Tuesday, March 17, 2009
Happy St. Patrick's Day!
St. Patrick's Day is traditionally a religious holiday in Ireland. The celebratory nature of the day was created by Irish immigrants to the United States as a way to retain their Irishness and ease the transition into American society.
The Irish immigrated to the United States beginning in Colonial times, but the largest wave came between 1820 and 1880, when almost 3.5 million Irish arrived, among them my ancestors from County Meath. These millions left their homeland for many reasons including poverty, famine, religious prejudice, and political subordination.

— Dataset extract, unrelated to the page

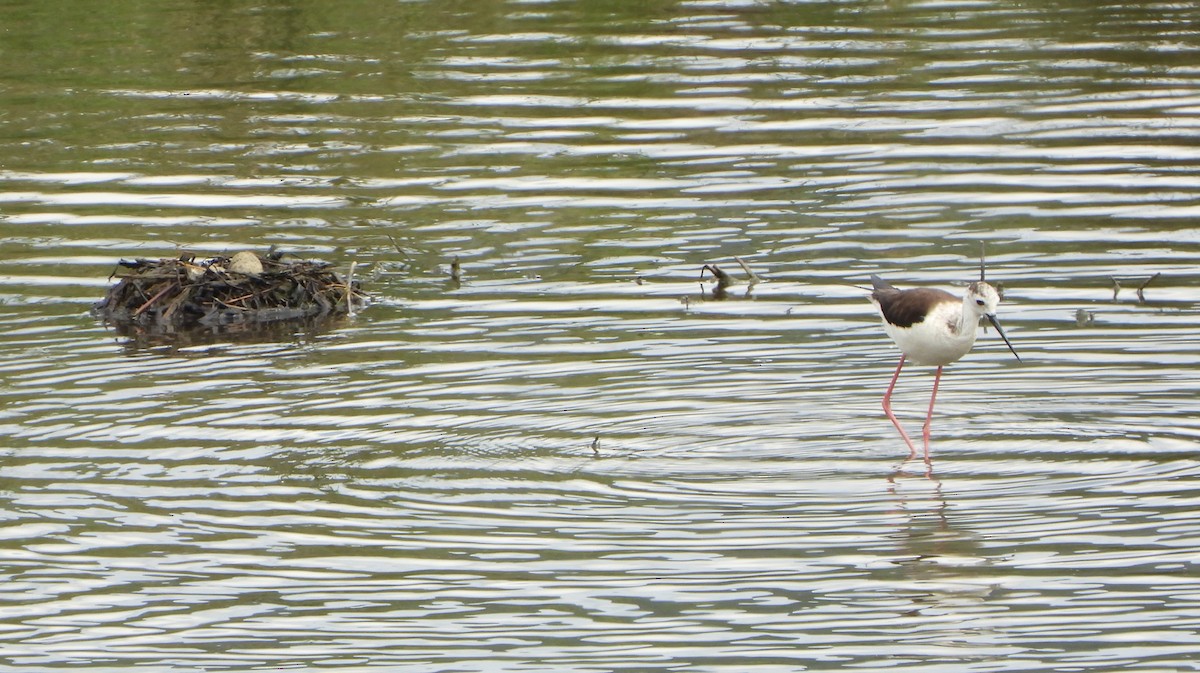 Black-winged Stilt - ML621043663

This circa 1910 postcard from the collections of the Museum's Curt Teich Postcard Archives is a terrific representation of Irish immigration to the United States and the bond between the two countries.
One of the great motivators for Irish coming to the Midwest was the Illinois-Michigan Canal. Built between 1836 and 1848, this 100-mile commercial waterway, linked Lake Michigan in Chicago to the Illinois River in Peru. The canal’s contractors relied heavily on recruiting Irish for the work force and advertised in newspapers in Dublin, Cork and Belfast. After working on the Canal and saving enough money, many Irish decided to settle in Illinois and bought land in Lake County.

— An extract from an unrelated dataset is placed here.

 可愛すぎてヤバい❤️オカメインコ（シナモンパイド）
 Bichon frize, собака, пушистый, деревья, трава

Evidence of Irish settlement was reflected in area place names. "Ireland" was located east of the Des Plaines River in Libertyville and Vernon Townships. "Irish Hills" referred to the area of rolling hills around Hunt Club Road and Route 173 where a high percentage of Irish farmers settled. "Codfish Town" was a designation used for the Irish neighborhood near Washington Road in Lake Forest where, in the late 1800s, the smell of codfish cooking on Friday evenings wafted in the air. (For more on Lake County's Irish Place Names check out my post.)
Shown in the photograph (above) is the Fuller family of Waukegan, welcoming their newly arrived Irish cousins in 1918.

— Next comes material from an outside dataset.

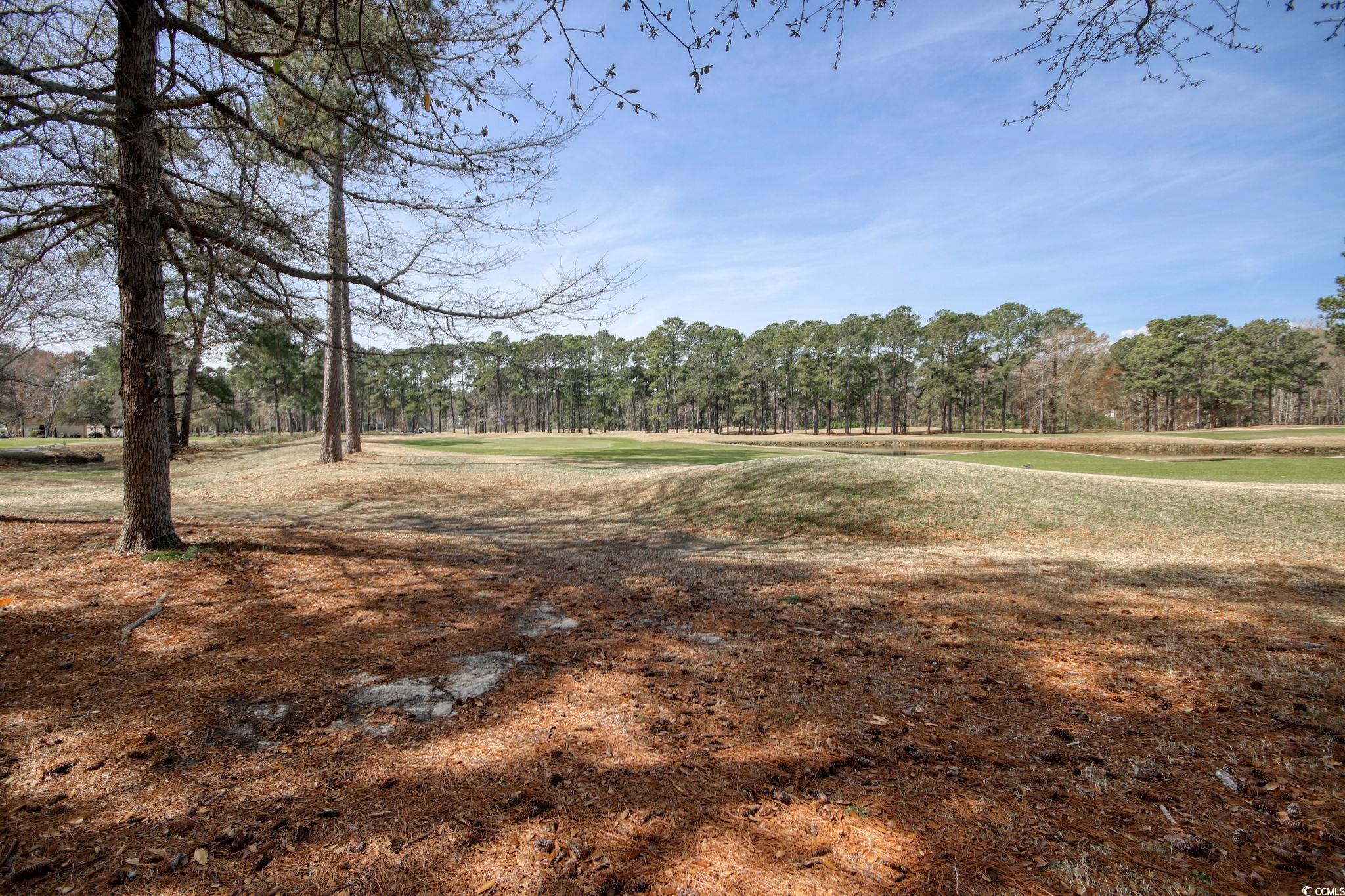 9511 Indigo Club Drive Murrells Inlet, SC 29576 - Photo 36 of 39 Gallery Image 36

Postcards reflected both positive and negative images of the Irish. This circa 1910 postcard proclaiming "Erin go Bragh" or "Ireland Forever" is illustrative of the positive.
Though the Irish immigrants were materialistically poor, they brought a rich cultural heritage with them. Cultural events such as the St. Patrick’s Day parade, first celebrated in Boston in 1737, were regarded by many Americans as evidence of the separateness of these new immigrants. But the Irish desire for self-expression through parades and the “wearing of the green” in their adopted country helped them to retain their heritage while embracing the freedom at the heart of being American.
In the last several years, the Irish-American secular celebration of St. Patrick’s Day has made its way back to Ireland. The national holiday honoring Ireland's patron saint is now marked by a multi-day festival of parades, concerts and fireworks.